RE: [ha] CEBus
Tue, 24 Nov 1998 20:24:49 GMT

Vermeulen Nic <> wrote:
> During my absence, so I looked around a bit and for the section
> 'hardware', there are a lot of interesting devices (Atmel, Thomsom,
> Microchip). Very small processors with sufficiant power and isp
> capabilities.
I noticed that the Microchip PIC ``Designing for Dollars'' book has a
trivially simple design for an X10-like receiver module:
I've just started getting together the bits to program PICs, so I hope
to have something to report in a few days.

> The networking part is another story. Apparently, the first barrier is
> the network and the protocol. Without a clear description, I don't think
> we can start with the hardware design (what to use for physical layer?).
Much of the software will be the same whatever the bottom layers do,
so we don't have to wait to make progress on other fronts.

> I browsed the CeBUS manual a bit, and I could not find a layer 1 & 2
> definition.
This is part of good design. The protocol described will work over
anything. There is a recommendation to do mains-borne signalling in
accordance with some pre-existing EIA spec, but I haven't looked it
up yet. We can do the same.

The three good things I got from reading the CeBUS document were the idea
of multiple physical layers, the idea of ``contexts'' and thoughts about
some problems we have to solve, like keeping distributed data (time,
state information) synchronised. There were also a few cases where I
thought ``*ugh*, what a terrible way to do that''---like the overloaded
and too short unit address code and the complicated routing rules.
I'm sure we can tackle some of these immediately. If we are careful
to make all our decisions expansion-proof, we don't have to worry about
changing our minds later.

For example, we could specify an addressing scheme now. Have
variable-length addresses; allocate the top 4 bits of the first
address byte to specify x, the number of extra bytes in the address,
and the bottom 4 bits to specify t, to distinguish between different
addressing schemes of the same length. Then we can embed existing
IPv4 or IPv6 addresses, MAC addresses, X10 house/unit codes, CeBUS
manufacturer/serial-number or whatever in the scheme and avoid the need
for yet another central registry of unique numbers. Keep a few values
reserved for special purposes (say t>=8) and we should be able to cope
with whatever we dream up in future. That accomodates the case where
sensors and the like don't need to be bothered with global uniqueness, but
we can still cope with the amazing Foobus when it comes out in 2038:-)

> Maybe an interesting device for powerline communication is the Philips
> TDA5051? Can it be used if the protocol has a CSMA/CR scheme? (bit
> dominance)
According to the data sheet:
the device keeps receiving even in transmit mode, so could be persuaded
to do this.

> The ultimate question is: do we adopt some existing communication
> standard (ease of use, compatibility, devices in silicon) or do we try
> to design our own (based on something known? are we capable?).
>From my searching so far, I don't think anything is ``standard''
enough for us to adopt unaltered.
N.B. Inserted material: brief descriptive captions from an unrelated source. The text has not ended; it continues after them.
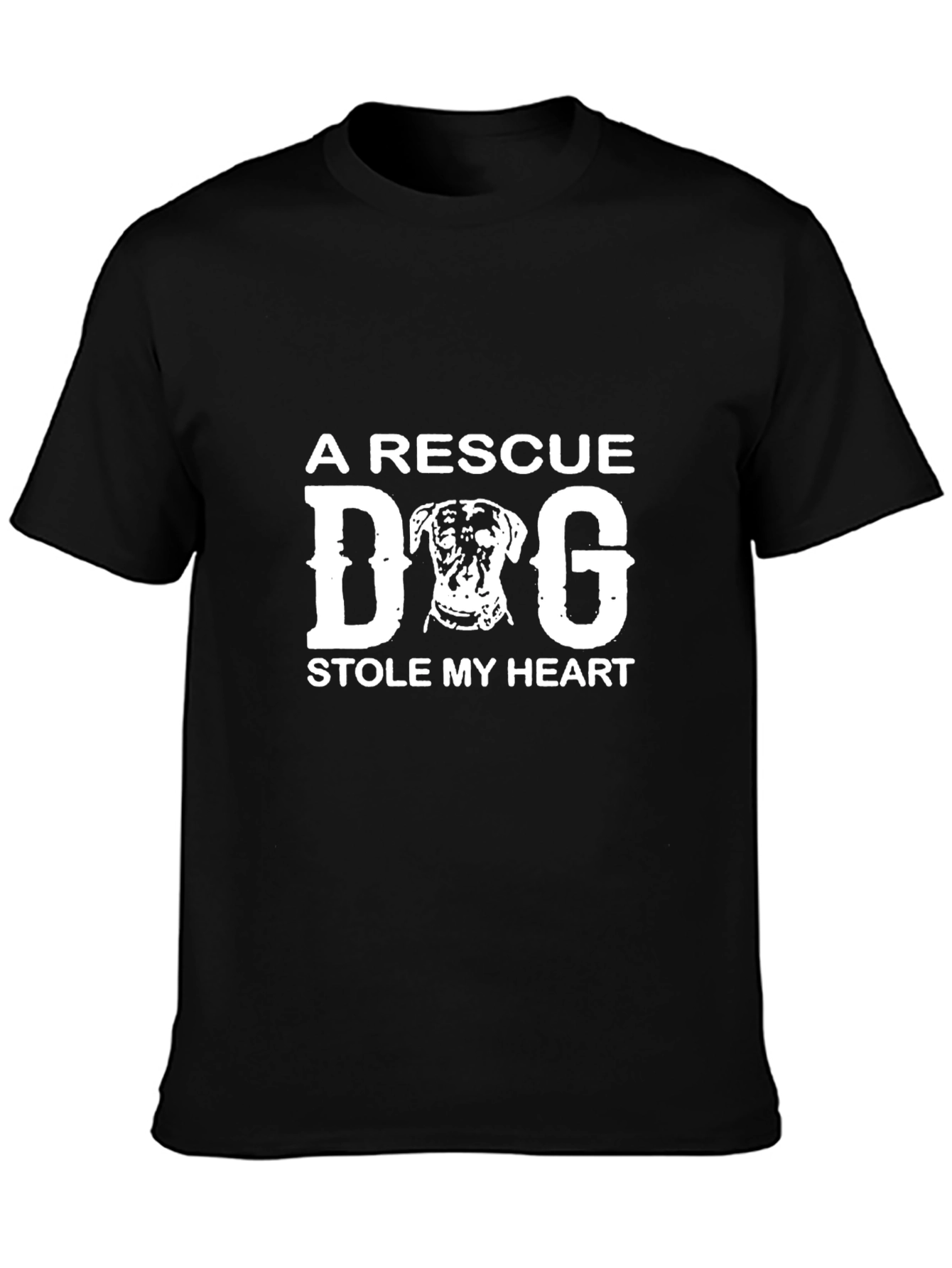 Rescue Dog Stole My Heart Black T-Shirt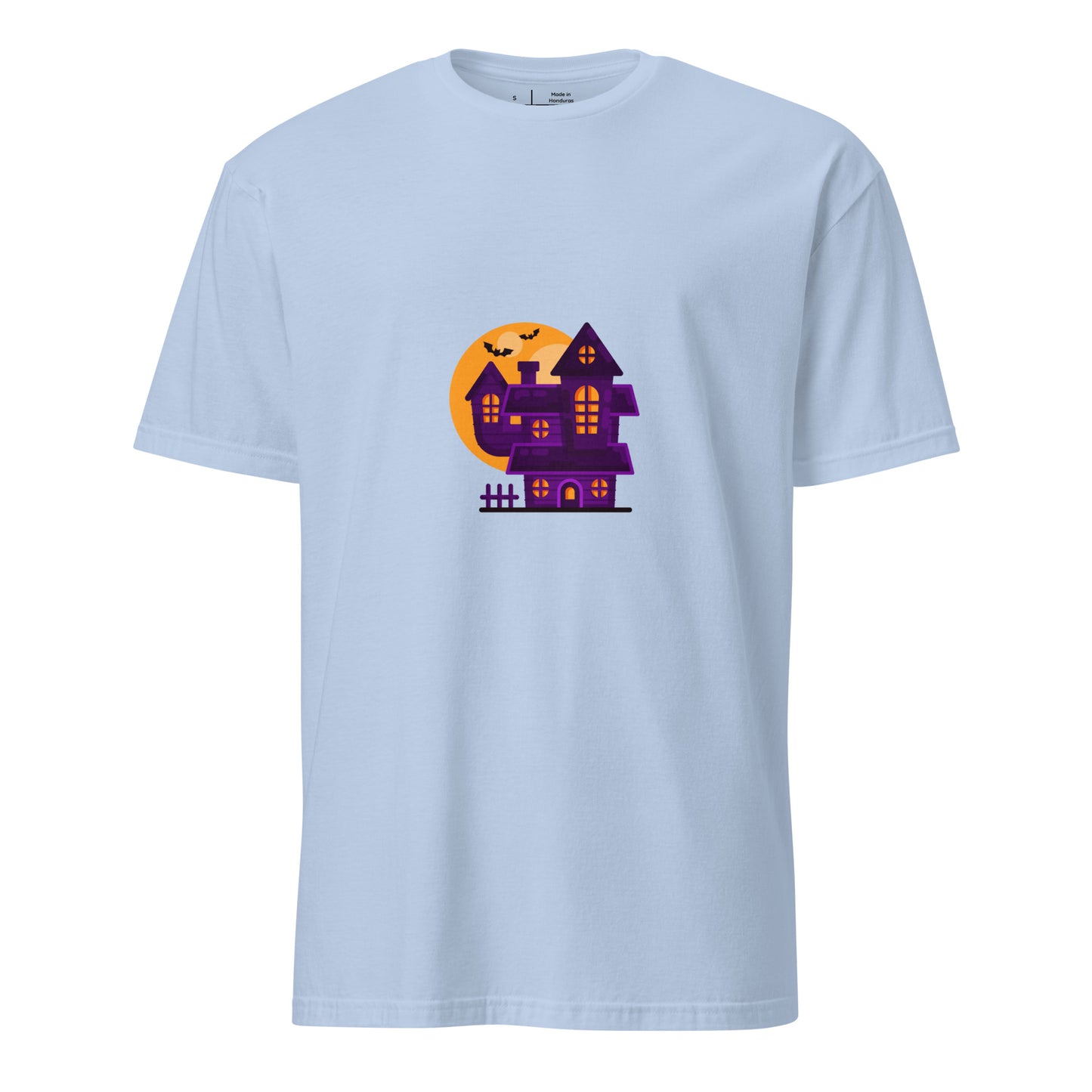 Haunted House - Moonlit Mischief - Short-Sleeve Unisex T-Shirt - Graphic Tee - Light Blue - Front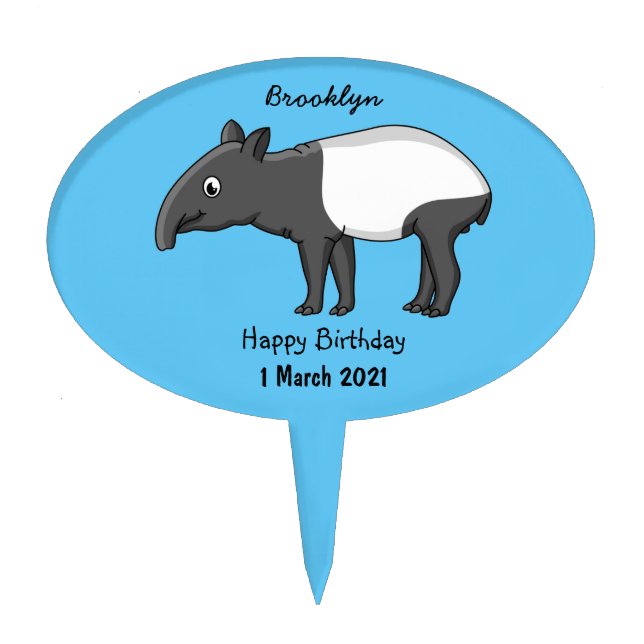 Cute happy cartoon tapir illustration cake topper (Front)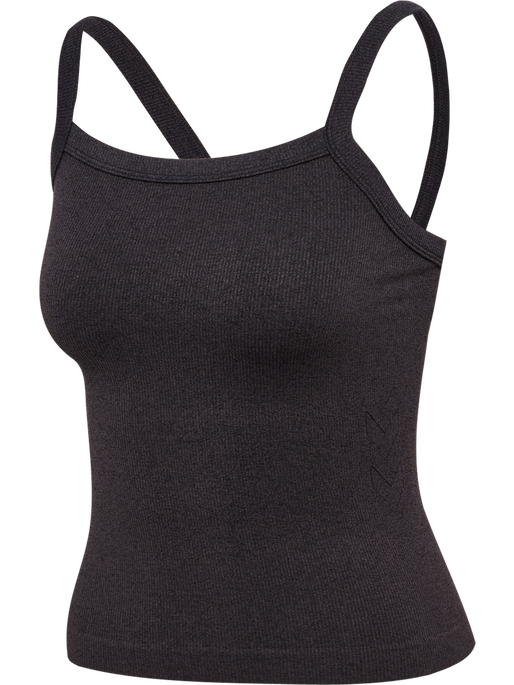 hmlYOGA SEAMLESS RIB TOP, BLACK MELANGE, packshot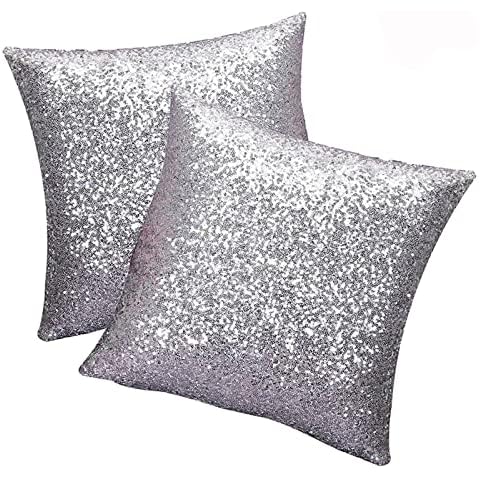 SwirlColor Silver Sequin Pillow Covers - 2pcs Cover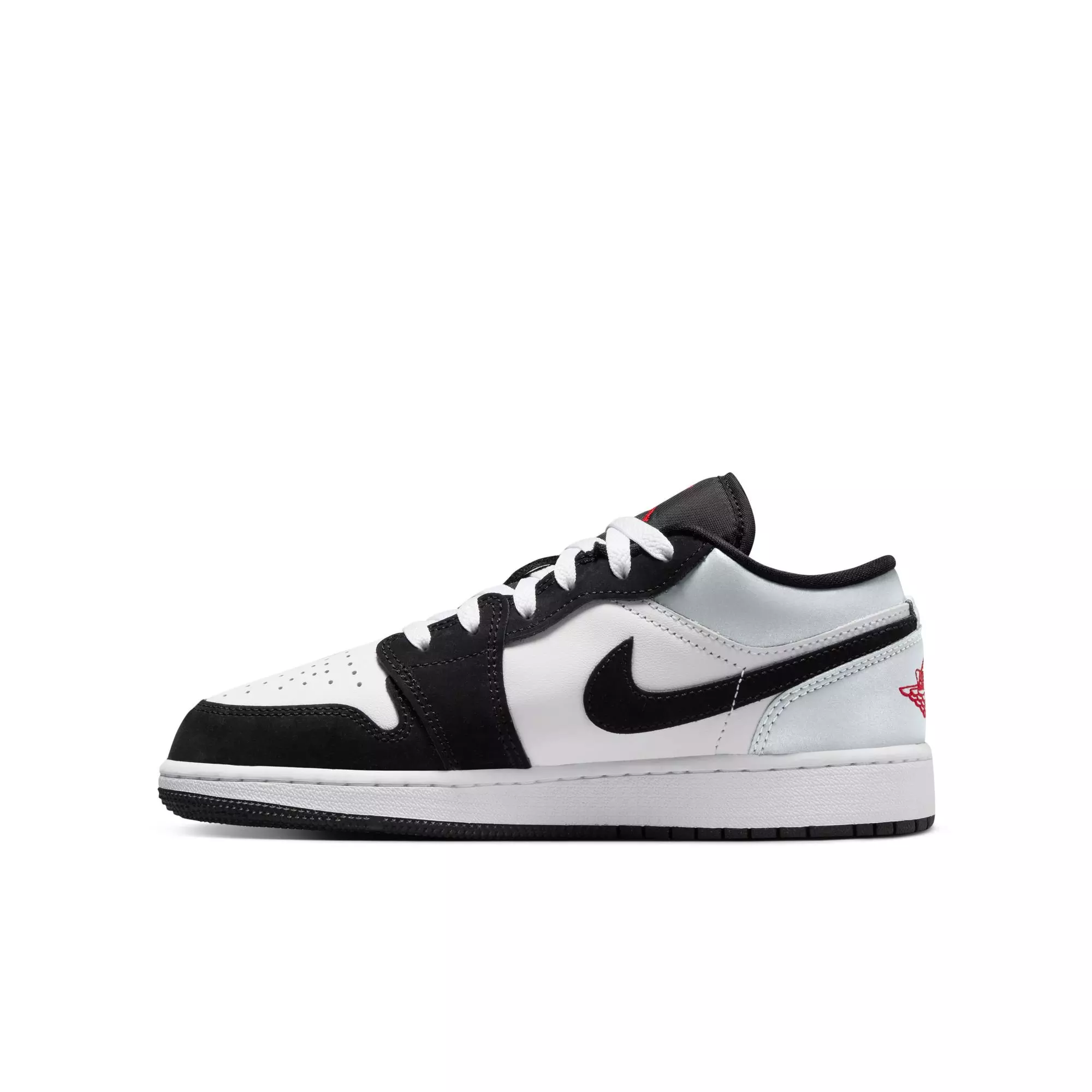 Jordan 1 Low SE "White/Fire Red/Black/Matte Silver" Grade School Boys' Shoe - BLACK/RED/SILVER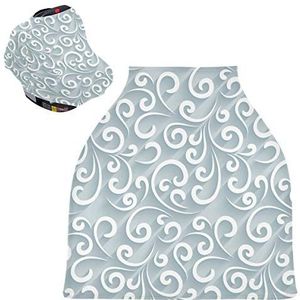 Kunst Wit Hart Bloem Baby Autostoelhoes Luifel Stretchy Nursing Covers Ademend Winddicht Winter Sjaal voor Baby Borstvoeding Jongens Meisjes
But we can borrow good bits from
existing standards. For example, the X10 physical layer is worthy
of consideration. There must be chips which implement this layer
conveniently (is the 5051 suitable?), or we can use published and tested
stuff like the PIC design I mentioned above to implement it.

If we are just after convenient pre-built stuff, there are several
complete mains transceiver modules around (,
or almost-complete implementations in silicon (just add a transformer
to the LM1893

Until one of us has actually built something and got it going, we have
few firm reasons to select one design over another. But we don't have to
settle on just one physical layer: I fully expect to have at least four
(mains, IR, radio and dedicated wire) to cope with different situations
(existing wiring, mobile or awkwardly-placed devices, new installations
or high-speed tightly-coupled exchanges), and there is no particular
reason why (say) the 110V contries shouldn't have a different mains
system than the 220V ones. All of these should hide near the bottom of
the protocol stack where they can be freely interchanged.

> Until we clear this out, I think we're stuck at zero.
Not at all. We can get the protocol organised without the hardware, and
the hardware without the protocol. I've already started fiddling with
a radio link using some cheap 418MHz modules intended for car alarms and
made some enquiries about borrowing the LM1893 stuff I mentioned earlier.
I can try these out and pass dummy packets about, make measurements
and quantify bit error rate. Similarly, I can think how my proposed
addressing scheme and (as yet unformulated) protocol might work in various
situations and write a software-only network simulator.

I think my big problem is not knowing how much I want the system to do.
I am in danger of making my mental model of the system so complicated
that it will never get built! Still, I'd rather over-engineer in the
early stages; it's easier to leave things unimplemented than kludge
extra functions on later.

I made a start listing the things we thought the system should do
in which I have excerpted in to . Contributions welcome.

> PS: Where is everyone. I thought my mailbox would flow over during my
> absence
I've been busy with HA research:-) I don't think we have quite reached
critical mass yet to sustain discussion, but Zeb's recent post to
comp.home.automation will surely help things pick up. We have 5 new
members already, taking the total to 15, and we are already seeing
benefits---I have added some of Adam's excellent suggestions to the
applications list.

And another one joined while I wrote this lengthy message (hi Philip)!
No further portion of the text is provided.